Dave Feschuk of the Toronto Star on the play a lot of people call the "Gretzky:"
Sam Mitchell, the Raptors coach, said he was ranting to his players just the other day about the need for another stat. Call it the hockey assist, as Mike Brown, the Cleveland coach, recently dubbed it. It's the pass that leads to the pass that is the assist. Unlike in hockey, where as many as two players are credited with helpers on any given goal, basketball's assist statistic credits only the player whose pass leads directly to a bucket.
The basketball assist has always been contentious, of course, a judgment call by the scorekeeper. But Mitchell said charting hockey assists would offer incentive to his players to keep the ball moving.

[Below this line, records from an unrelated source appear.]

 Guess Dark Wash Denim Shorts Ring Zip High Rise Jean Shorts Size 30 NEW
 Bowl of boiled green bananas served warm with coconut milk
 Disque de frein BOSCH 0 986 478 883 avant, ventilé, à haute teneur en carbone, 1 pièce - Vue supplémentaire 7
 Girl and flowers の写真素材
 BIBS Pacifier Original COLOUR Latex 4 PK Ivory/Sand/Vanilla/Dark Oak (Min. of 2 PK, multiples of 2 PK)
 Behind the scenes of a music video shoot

As it is, said the coach, their base instinct is to hold the ball "looking to make the perfect pass to the guy who'll score."

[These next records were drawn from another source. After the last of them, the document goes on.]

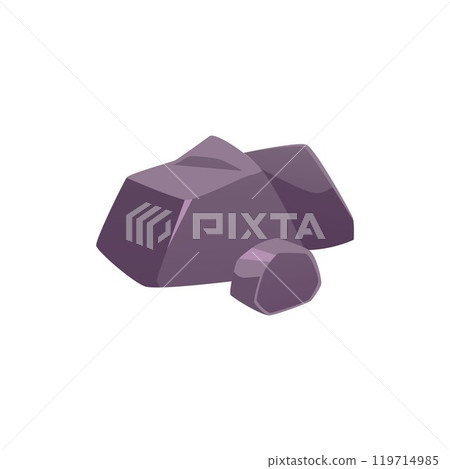Vector elements include gray cobblestones and rocky surfaces isolated on a white background 119714985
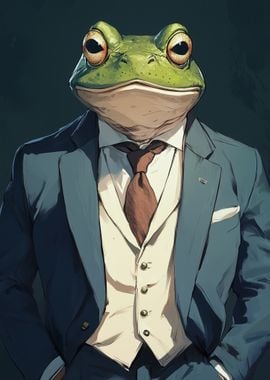 Happy Frog in Suit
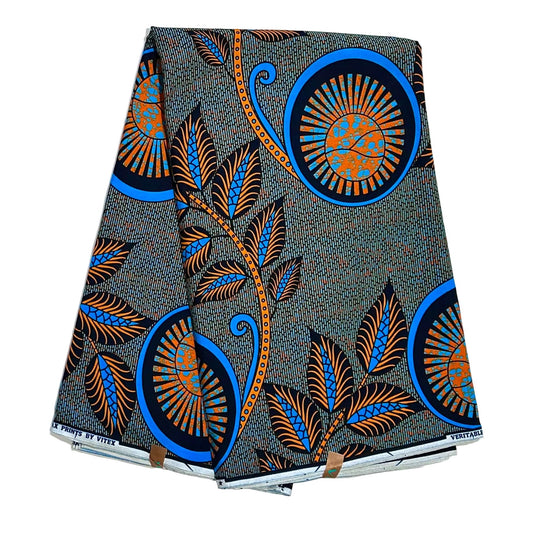 African Print Fabric/Ankara - Shades of Blue, Orange ‘Nkiru Coil' Design, YARD or WHOLESALE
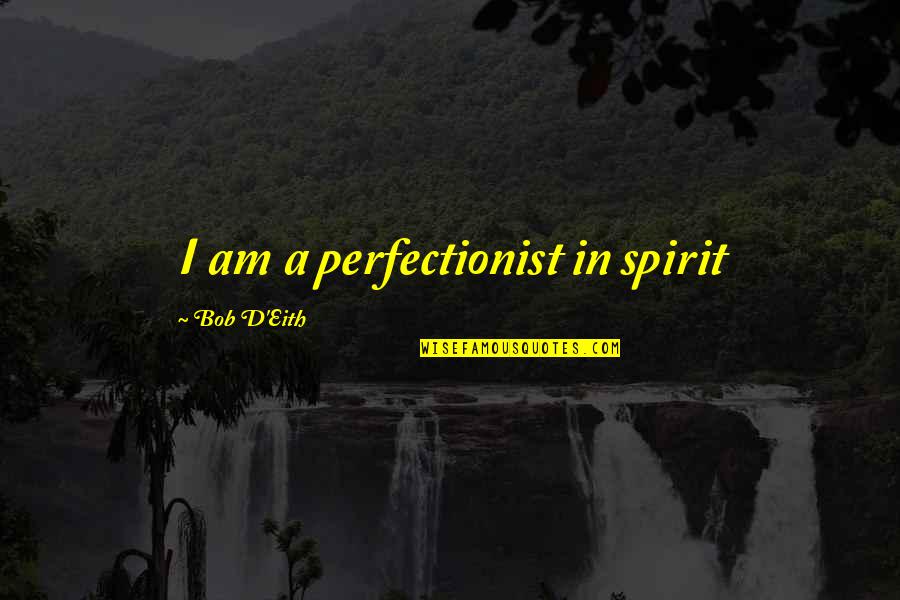 Pragyata Quotes By Bob D'Eith: I am a perfectionist in spirit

"If I'm T.J. Ford, I want the assist," said Mitchell, by way of example. "So instead of me swinging it to (Jorge Garbajosa) and Garbo swinging it to Anthony Parker in the corner and Anthony Parker shooting the wide-open shot, if I'm T.J., why don't I just see if there's a way I can skip Garbo and throw it to Anthony Parker directly?"
Ford's logic, in this completely hypothetical sketch, is understandable. NBA point guards are often judged, however erroneously, by one statistic -- assists per game. So the best play for the team isn't always the best play for either a player's reputation or his net worth.
Skeptics would scoff at the idea that the keeping of hockey assists would change that kind of self-serving behaviour. And even if the club ran an internal contest to crown a hockey-assist champion, the NBA's salary-cap regulations prohibit the offering of financial bonuses.
Still, Ford, for one, was receptive to the idea: "That (stat) might be helpful for the coaches to get that idea across to some guys on the team."
And Mitchell said he believes the reward for leading his team in a specialty statistical category can, indeed, have a positive affect on one's bank balance.
"The reward is you're going to play more minutes," said Mitchell, "and the flipside of playing more minutes is you may get a better contract one day. It all comes down to (money) at the end of the day."